It was a really satisfying day. The first race Jacob horizoned the fleet, and the second we had about 3 last-to-first rallys which made for some excitement. More satisfying is we really learned a couple new gears for light air upwind, and I'm looking forward to applying them next year. 88 won the season handily.

A bit bittersweet going off the water for the last real race, but we left the club right away to celebrate our first wedding anniversary, and had an awesome night on the town! We've got a couple daysails planned, and at least one more beercan on the schedule. For winter we've got a couple neat tricks to put in place, so there should be a few more tech updates.

Thanks to the crew of 88, as well as all the friends of Peanut who made this season a ton of fun.

Thursday, September 24, 2009

Photos from the Big Chair

Erik Schneider is our regular PRO for One Design Racing, also Shields Nationals. While running the show he also managed to find a couple photos of us. While is down, please enjoy his images.

This is an _awesome_ Shields photo from a couple weeks ago on one of our heavy air days.

This is warming up for Day 3 of Nationals. As much as the purple chute has grown on me, I'm still surprised by it's purpleness in photos.
88 getting ready to do what it apparently does best: go upwind in slop
Our crew from earlier this year: me, Brian, Jocelyn, Jacob and Niki

Monday, September 21, 2009

Shields Nationals recap

Sailing Nationals was great fun, and great racing. One of the defining moments came when we were standing around the cranes helping out of town boats haul out. People were poking around other boats, talking setup here and there, all the while people (including the champ) are leaping off the seawall. Everyone was just so friendly, it really showed what our fleet was all about.

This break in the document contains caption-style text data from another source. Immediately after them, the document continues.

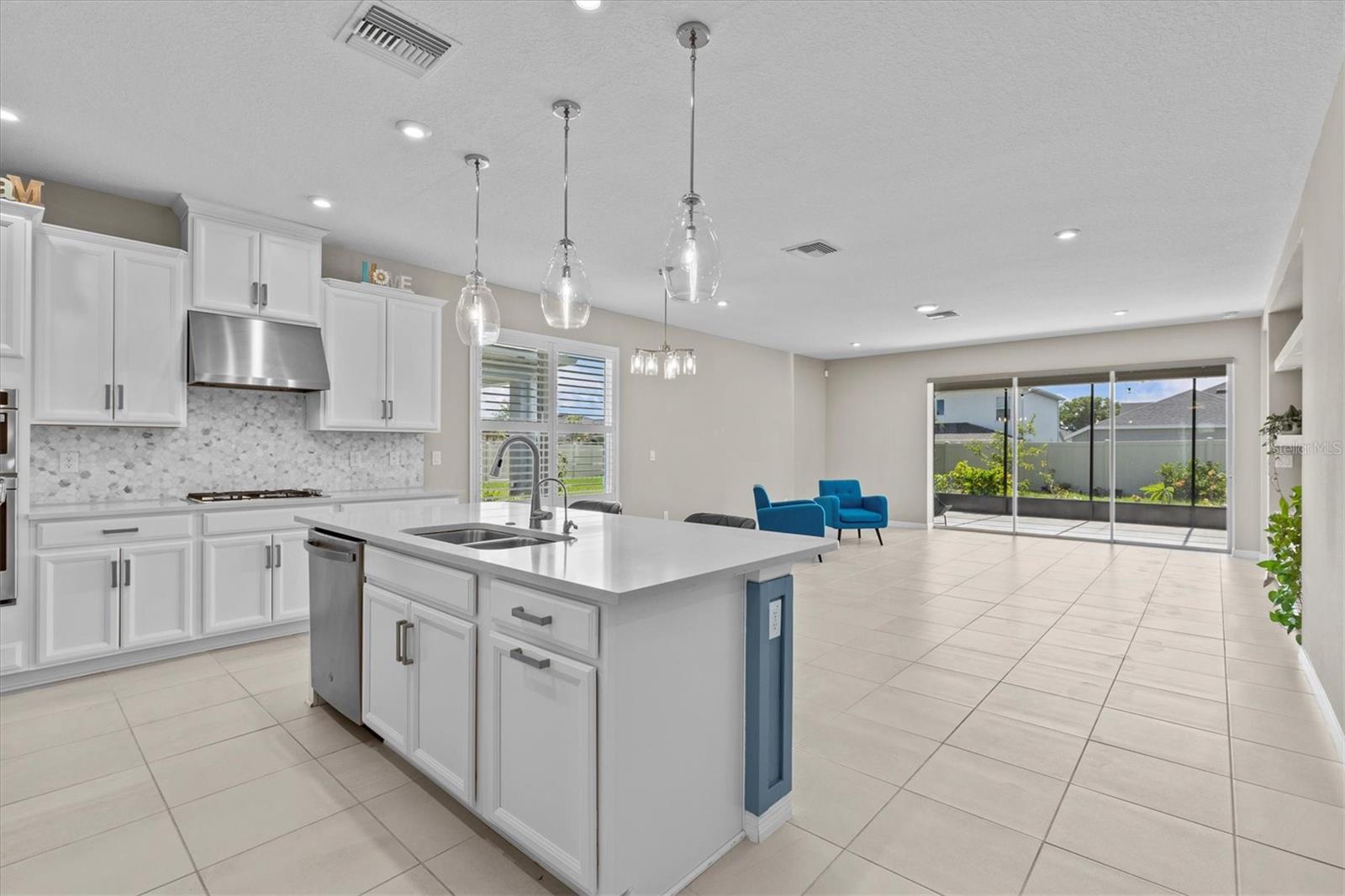 Listing photo id 17 for 10516 Tranquil Meadow Loop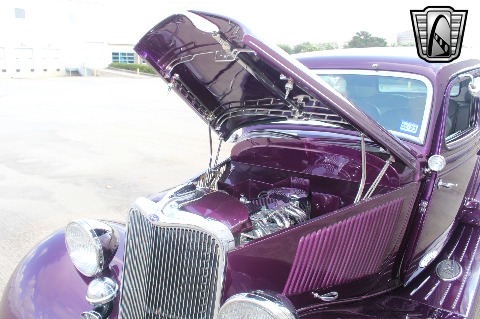 1933 Ford Tudor Sedan image 91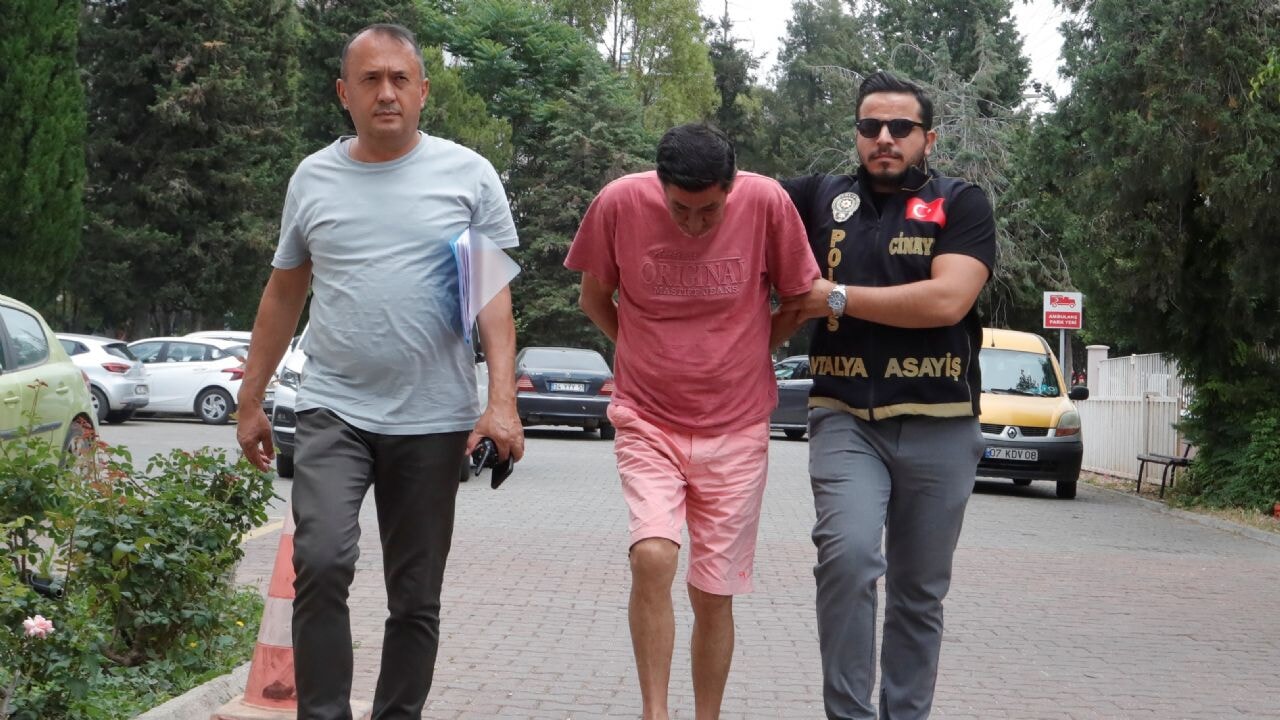 Oğlunu 36 bıçak darbesiyle öldüren babaya müebbet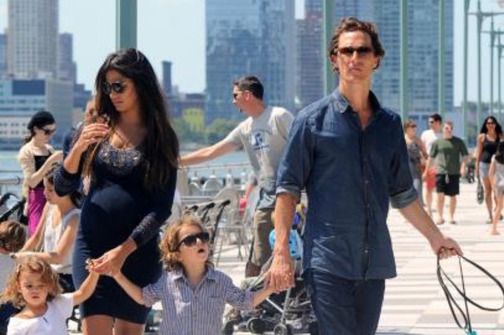 Matthew McConaughey razkril: Postal je očka sina Livingstona!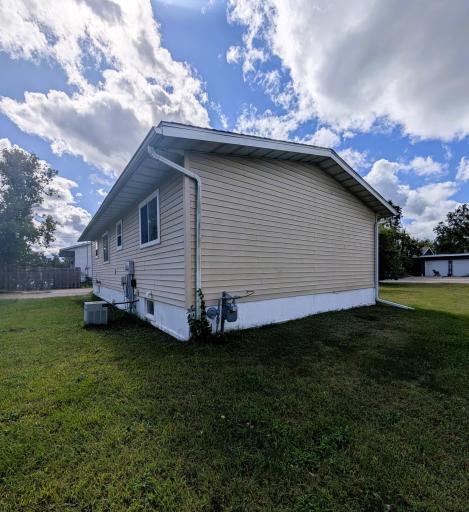 216 Stoner Avenue SE, Bemidji, MN 56601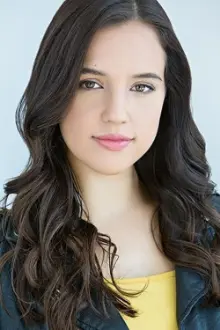 Melanie Elise como: Rhee Gonzalez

We had a good time on 88, but it's only fair to acknowledge we didn't have as good a result as we'd expected. After having 2 really excellent seasons in which we won just about everything we sailed against everyone we could I felt like we'd be top 5 at least, but we ended up 7th overall. That said, as Niki and talk about the regatta I think we're both really happy with our first Nats. The experience of getting to race against some of the best boats in our class was really thrilling. I always felt like we just outside the pack of 3 or 4 front runners, and if we had done just a little bit better we would have been up high in the results.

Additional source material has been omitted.